Extracted entries:
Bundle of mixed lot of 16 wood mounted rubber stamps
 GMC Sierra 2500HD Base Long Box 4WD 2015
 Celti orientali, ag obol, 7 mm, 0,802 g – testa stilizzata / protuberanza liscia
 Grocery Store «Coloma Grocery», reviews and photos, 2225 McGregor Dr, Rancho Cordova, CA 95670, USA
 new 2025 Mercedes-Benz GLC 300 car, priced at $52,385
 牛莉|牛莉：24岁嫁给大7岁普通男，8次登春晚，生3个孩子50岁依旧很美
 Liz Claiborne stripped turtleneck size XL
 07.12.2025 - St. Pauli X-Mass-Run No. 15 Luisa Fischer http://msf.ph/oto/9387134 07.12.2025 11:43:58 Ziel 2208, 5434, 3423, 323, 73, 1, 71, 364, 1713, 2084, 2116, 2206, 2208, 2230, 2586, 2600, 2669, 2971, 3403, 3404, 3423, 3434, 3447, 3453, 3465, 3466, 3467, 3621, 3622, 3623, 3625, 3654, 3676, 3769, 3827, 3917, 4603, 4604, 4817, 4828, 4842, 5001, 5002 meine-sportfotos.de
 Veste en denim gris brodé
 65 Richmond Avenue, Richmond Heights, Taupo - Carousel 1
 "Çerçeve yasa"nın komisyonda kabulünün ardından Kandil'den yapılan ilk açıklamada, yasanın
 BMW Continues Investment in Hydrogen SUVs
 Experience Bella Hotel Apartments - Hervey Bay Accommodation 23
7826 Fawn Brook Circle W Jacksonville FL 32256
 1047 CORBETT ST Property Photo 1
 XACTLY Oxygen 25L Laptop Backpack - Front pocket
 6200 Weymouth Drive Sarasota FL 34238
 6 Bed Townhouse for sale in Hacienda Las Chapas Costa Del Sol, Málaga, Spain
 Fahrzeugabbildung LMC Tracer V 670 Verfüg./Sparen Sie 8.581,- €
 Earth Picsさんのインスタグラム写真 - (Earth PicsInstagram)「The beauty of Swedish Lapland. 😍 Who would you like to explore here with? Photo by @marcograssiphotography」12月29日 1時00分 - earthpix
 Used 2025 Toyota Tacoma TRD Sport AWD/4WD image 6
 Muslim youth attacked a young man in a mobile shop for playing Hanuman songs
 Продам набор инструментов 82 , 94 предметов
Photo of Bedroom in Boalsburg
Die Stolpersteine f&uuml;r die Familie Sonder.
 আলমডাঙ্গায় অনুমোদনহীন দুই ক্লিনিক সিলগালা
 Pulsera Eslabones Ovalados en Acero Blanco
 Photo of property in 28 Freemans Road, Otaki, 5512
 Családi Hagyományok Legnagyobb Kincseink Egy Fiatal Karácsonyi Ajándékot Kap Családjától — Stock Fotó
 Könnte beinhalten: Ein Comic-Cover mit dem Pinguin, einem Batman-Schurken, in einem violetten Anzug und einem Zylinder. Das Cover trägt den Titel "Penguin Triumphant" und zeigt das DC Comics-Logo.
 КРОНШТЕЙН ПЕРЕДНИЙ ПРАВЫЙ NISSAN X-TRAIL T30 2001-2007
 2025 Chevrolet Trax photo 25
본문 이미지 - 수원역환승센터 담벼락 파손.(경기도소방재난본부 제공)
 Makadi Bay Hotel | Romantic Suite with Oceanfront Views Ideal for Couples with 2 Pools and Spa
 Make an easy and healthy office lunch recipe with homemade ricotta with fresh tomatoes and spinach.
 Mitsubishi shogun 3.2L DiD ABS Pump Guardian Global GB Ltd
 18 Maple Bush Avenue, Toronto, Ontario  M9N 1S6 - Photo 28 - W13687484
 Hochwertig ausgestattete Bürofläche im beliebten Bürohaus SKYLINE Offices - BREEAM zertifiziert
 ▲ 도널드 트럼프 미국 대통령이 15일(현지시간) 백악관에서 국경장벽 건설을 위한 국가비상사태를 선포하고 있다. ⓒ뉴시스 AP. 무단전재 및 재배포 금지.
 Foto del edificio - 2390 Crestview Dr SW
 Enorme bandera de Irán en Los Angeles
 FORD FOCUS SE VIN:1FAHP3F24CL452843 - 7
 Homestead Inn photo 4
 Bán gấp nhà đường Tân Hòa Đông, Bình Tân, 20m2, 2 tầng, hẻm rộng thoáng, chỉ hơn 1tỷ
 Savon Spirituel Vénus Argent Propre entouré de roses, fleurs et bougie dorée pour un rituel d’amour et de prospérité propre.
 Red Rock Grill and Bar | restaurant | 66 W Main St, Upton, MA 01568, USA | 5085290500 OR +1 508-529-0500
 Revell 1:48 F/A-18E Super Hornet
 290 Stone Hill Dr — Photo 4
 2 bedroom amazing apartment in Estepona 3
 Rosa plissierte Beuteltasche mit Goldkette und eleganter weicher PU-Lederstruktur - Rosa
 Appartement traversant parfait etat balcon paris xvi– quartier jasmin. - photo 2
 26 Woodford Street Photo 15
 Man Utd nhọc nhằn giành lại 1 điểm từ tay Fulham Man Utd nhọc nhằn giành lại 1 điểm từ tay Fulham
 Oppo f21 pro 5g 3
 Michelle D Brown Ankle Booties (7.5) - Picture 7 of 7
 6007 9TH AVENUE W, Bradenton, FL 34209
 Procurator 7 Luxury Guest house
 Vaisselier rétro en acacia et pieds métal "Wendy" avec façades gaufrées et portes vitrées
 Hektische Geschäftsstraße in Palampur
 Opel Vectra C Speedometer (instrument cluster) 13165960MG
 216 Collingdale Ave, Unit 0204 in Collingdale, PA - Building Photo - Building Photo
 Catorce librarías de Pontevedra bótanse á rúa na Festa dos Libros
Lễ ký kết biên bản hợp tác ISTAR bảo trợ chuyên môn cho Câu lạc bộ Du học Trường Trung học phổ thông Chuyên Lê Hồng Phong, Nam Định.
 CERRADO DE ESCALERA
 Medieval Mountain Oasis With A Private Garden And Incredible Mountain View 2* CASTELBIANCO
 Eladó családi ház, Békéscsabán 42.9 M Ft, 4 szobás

Requirement: Lines from the one containing "Catorce librarías de" through the last line of the data above are the only output wanted; restate them exactly.

Solution:
 Catorce librarías de Pontevedra bótanse á rúa na Festa dos Libros
Lễ ký kết biên bản hợp tác ISTAR bảo trợ chuyên môn cho Câu lạc bộ Du học Trường Trung học phổ thông Chuyên Lê Hồng Phong, Nam Định.
 CERRADO DE ESCALERA
 Medieval Mountain Oasis With A Private Garden And Incredible Mountain View 2* CASTELBIANCO
 Eladó családi ház, Békéscsabán 42.9 M Ft, 4 szobás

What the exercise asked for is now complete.